La seconda parte, invece, definisce le strategie, gli indirizzi e le modalità operative “per un’efficace integrazione sociosanitaria e la costruzione e l’attuazione della rete regionale integrata dei servizi”.

Crob Rionero

Si tratta – secondo quanto reso noto dall’ufficio stampa della giunta regionale – di un documento “strategico che individua: gli obiettivi di salute e la configurazione istituzionale assunta dal sistema sanitario regionale per il loro perseguimento; le principali azioni di sviluppo ed ottimizzazione del sistema; i metodi e gli strumenti di regolamentazione dei soggetti erogatori, le Asl, inclusi i macro standard dotazionali ed organizzativi; lo sviluppo di logiche di rete e complementarietà di tutte le strutture sanitarie pubbliche e private chiamate a soddisfare i bisogni di salute della popolazione regionale; le risorse investite per garantire i livelli essenziali di assistenza; i meccanismi di valutazione e di monitoraggio dell’attuazione del Piano in relazione agli indicatori di esito e di benessere sociali adottati”.

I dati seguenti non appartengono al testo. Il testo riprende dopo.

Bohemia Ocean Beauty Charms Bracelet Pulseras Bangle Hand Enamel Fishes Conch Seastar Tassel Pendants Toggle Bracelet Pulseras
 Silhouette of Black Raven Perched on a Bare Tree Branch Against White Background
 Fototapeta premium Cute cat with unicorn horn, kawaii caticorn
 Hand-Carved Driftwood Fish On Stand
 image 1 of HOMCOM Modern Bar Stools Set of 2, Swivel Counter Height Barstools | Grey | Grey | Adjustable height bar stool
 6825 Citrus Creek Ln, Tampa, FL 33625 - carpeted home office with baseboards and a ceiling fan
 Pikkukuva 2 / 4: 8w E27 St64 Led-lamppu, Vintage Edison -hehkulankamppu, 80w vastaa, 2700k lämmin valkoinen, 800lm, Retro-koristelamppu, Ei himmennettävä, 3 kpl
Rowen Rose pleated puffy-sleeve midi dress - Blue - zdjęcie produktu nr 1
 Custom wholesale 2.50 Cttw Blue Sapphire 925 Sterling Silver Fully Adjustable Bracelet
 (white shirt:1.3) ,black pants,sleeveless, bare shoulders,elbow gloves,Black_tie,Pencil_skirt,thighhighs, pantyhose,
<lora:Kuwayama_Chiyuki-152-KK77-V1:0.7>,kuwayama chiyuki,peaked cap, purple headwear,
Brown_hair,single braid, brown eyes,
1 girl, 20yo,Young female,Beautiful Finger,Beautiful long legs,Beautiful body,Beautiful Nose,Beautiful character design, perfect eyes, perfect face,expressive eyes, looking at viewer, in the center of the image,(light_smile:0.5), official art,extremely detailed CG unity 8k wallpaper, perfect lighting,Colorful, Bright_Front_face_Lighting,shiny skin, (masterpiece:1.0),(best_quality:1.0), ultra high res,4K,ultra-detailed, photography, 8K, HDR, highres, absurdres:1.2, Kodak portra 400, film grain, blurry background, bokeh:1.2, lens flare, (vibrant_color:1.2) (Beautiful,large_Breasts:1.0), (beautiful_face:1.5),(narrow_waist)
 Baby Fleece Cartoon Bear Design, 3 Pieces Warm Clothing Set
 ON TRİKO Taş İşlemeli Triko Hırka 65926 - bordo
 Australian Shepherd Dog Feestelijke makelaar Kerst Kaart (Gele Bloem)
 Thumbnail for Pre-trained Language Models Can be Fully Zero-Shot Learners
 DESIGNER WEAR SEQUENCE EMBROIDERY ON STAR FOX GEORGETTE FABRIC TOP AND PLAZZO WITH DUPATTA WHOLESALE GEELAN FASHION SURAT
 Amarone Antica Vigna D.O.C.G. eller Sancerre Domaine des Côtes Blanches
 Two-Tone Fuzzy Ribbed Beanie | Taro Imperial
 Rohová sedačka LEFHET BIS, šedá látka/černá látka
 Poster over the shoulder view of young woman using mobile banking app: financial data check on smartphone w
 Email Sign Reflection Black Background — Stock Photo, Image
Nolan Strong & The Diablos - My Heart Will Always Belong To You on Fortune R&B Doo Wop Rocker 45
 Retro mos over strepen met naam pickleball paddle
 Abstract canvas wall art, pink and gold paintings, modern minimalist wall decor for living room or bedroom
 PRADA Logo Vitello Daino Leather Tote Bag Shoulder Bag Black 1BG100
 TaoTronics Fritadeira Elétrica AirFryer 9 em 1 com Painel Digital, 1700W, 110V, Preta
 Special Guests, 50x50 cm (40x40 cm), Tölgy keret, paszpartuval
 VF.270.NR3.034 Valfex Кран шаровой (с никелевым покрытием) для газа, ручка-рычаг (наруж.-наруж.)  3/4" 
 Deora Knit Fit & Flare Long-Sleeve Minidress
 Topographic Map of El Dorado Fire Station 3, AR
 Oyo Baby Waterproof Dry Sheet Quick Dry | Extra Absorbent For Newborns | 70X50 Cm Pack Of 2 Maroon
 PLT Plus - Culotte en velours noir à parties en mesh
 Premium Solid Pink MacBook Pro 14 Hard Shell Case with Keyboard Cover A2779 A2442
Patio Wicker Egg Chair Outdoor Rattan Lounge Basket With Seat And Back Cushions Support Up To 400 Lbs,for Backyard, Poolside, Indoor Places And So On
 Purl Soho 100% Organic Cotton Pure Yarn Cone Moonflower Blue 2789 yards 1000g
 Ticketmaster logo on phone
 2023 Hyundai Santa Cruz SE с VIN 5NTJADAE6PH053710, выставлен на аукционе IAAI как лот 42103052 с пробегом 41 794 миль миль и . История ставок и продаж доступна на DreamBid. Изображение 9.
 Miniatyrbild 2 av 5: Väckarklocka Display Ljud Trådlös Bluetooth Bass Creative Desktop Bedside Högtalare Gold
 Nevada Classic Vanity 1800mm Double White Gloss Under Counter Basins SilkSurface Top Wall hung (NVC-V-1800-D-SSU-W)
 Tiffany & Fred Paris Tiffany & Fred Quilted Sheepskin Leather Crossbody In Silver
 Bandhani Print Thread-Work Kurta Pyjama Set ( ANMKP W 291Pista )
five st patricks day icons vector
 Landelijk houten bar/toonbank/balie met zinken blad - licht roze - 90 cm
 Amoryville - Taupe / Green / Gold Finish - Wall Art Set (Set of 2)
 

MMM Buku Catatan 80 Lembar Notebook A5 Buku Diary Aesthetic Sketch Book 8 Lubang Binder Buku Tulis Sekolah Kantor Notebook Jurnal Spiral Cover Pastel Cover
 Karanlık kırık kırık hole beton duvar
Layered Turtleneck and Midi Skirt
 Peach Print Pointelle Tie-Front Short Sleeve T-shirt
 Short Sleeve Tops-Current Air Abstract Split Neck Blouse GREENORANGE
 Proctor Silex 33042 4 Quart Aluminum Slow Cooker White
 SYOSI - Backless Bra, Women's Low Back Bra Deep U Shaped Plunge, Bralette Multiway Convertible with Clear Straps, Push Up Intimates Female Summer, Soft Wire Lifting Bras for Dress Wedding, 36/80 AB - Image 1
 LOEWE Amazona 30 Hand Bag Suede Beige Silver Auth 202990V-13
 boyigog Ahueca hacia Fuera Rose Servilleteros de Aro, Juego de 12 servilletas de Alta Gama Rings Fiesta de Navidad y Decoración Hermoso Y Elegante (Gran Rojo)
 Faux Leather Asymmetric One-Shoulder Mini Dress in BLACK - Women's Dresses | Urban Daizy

Il presidente Pittella tiene a sottolineare che si tratta di “una prima cornice i cui contenuti specifici saranno discussi nella competente commissione e nel Consiglio per raccogliere tutte le istanze che arriveranno dal territorio”, e “non c’è nessun disegno di chiusura dei nostri presidi sanitari, né di depotenziamento di quelli ritenuti strategici e all’avanguardia, come nel caso del Ircss Crob di Rionero in Vulture (Potenza), che conserverà la sua autonomia oltre al ruolo di guida scientifica nelle patologie oncologiche”.

Un documento aperto dunque per l’avvio di un confronto con le varie componenti del sistema sanitario, delle istituzioni locali, con le organizzazioni sindacali, con le espressioni organizzate della comunità, nel rispetto del principio di sussidiarietà.